**What the exercise asks**:
Reproduce the listing in full, exactly as written, but without images.

---------- Material for this task

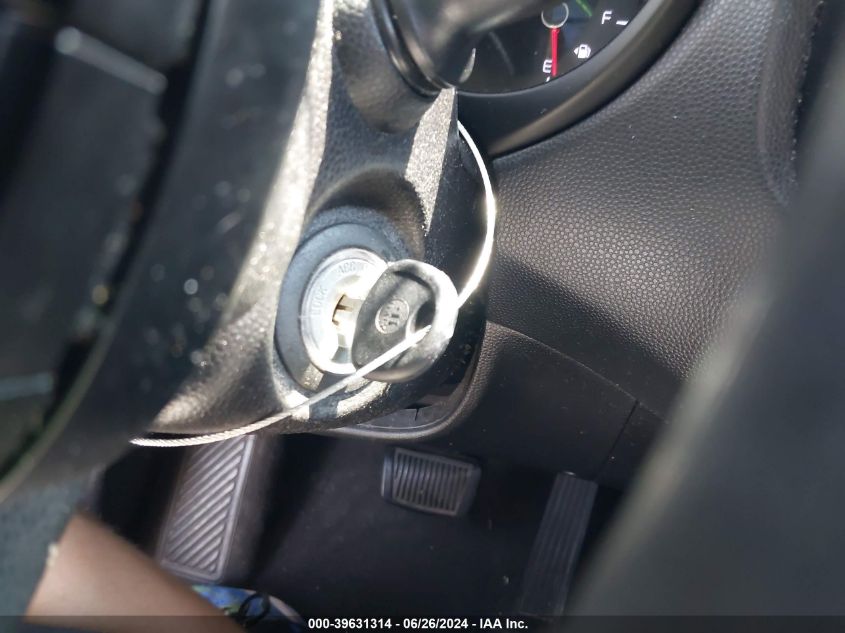 2014 Kia Soul VIN: KNDJN2A27E7731685 Lot: 39631314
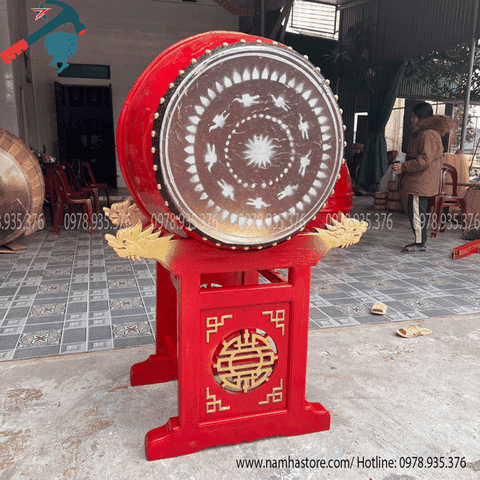 Trống Họ – Trống Tế Họ Biểu Tượng Linh Thiêng Của Dòng Tộc Việt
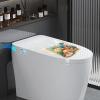 Underwater World Toilet Seat Wall Sticker view 4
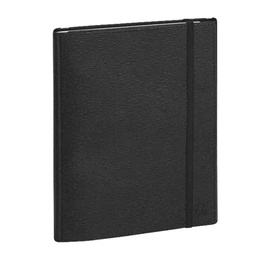 [103423] Agenda All-in-One 16 mesi 15x21cm Exaweek nero 2027 Quo Vadis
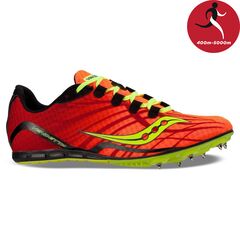 Saucony Vendetta Ανδρικά Παπούτσια, Μέγεθος: 46.5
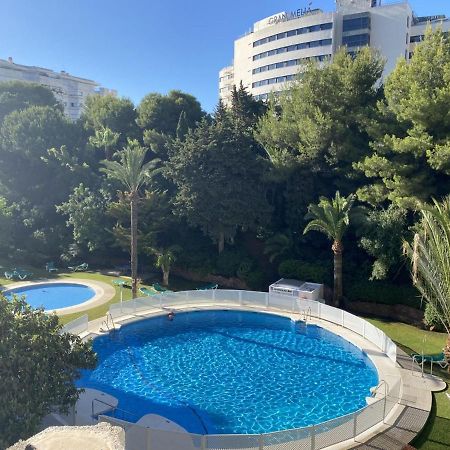 Luminoso Apartamento En Segunda Linea Playa 438 Marbella Exteriér fotografie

--------------------

**Answer space**:
 2014 Kia Soul VIN: KNDJN2A27E7731685 Lot: 39631314
 Trống Họ – Trống Tế Họ Biểu Tượng Linh Thiêng Của Dòng Tộc Việt
 Underwater World Toilet Seat Wall Sticker view 4
 [103423] Agenda All-in-One 16 mesi 15x21cm Exaweek nero 2027 Quo Vadis
 Saucony Vendetta Ανδρικά Παπούτσια, Μέγεθος: 46.5
 Luminoso Apartamento En Segunda Linea Playa 438 Marbella Exteriér fotografie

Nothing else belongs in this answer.